If you're looking for a light, fun summer read, this isn't it.
Tisha Sterling, daughter of actors Ann Sothern and Robert Sterling, started life with the proverbial silver spoon in her mouth. Growing up a beautiful young woman in the 1960s, she had a promising career as an actress. Her memoir, Why I Failed Charm School: My Mother, Actress Ann Sothern, and Our Lives Together (Bookstand Publishing), tells a troubling story of a life that proved anything but carefree and joyful.

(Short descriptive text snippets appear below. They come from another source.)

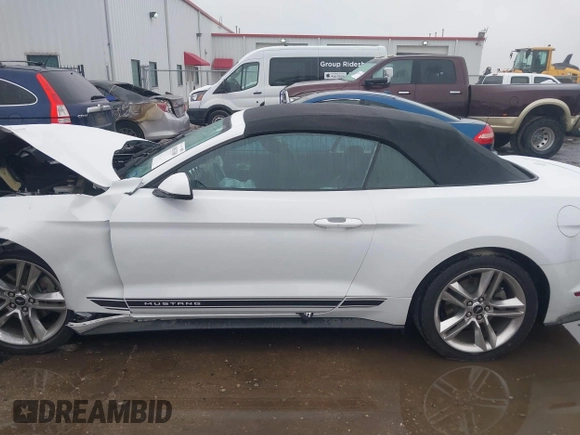 2021 Ford Mustang EcoBoost with VIN 1FATP8UH0M5137364, listed as a IAAI auction lot 41013380 with 31,526 mi miles. Bid and sale history available at carsss.com. Image 15.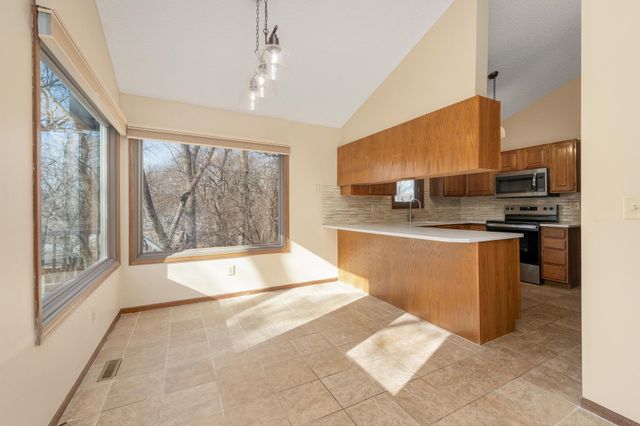 437 W Woodland Dr, Derby, KS 67037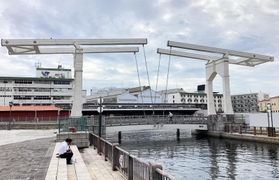 「跳ねない跳ね橋」となってしまっているはねっこ＝神戸市中央区東川崎町１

The picture Tisha paints of her mother is not particularly flattering. But neither does it seem vindictive. Tisha writes, "Mother always seemed deeply perplexed that I was not a carbon copy of her, and [wondered] why I wasn't living up to her expectations." Indeed, both women come across as real, flawed human beings. By her daughter's account, Miss Sothern had an eating disorder that she was unable to curb, as well as an unwillingness to live within her means as she aged. For her part, Tisha, something of a Sixties wild child, had addiction issues that, as she acknowledges, strained the patience and understanding of those who loved her. Of the well-known people of whom Miss Sterling writes, it's probably her stepmother Anne Jeffreys who comes off best, though her part in the story is minor. It's certainly not Tisha's dad, Sterling, who is depicted as largely distant and uncommunicative. All in all, readers who have found themselves caught on either side of a parent-child contretemps may find this more interesting than those who want to know about Tisha's career, or those of her famous parents, about which relatively little is said.
Sterling's book would have benefited from tighter editing; her style is a bit rough in places. But the story itself, like the author's candor, is compelling. It's one that she has earned her right to tell.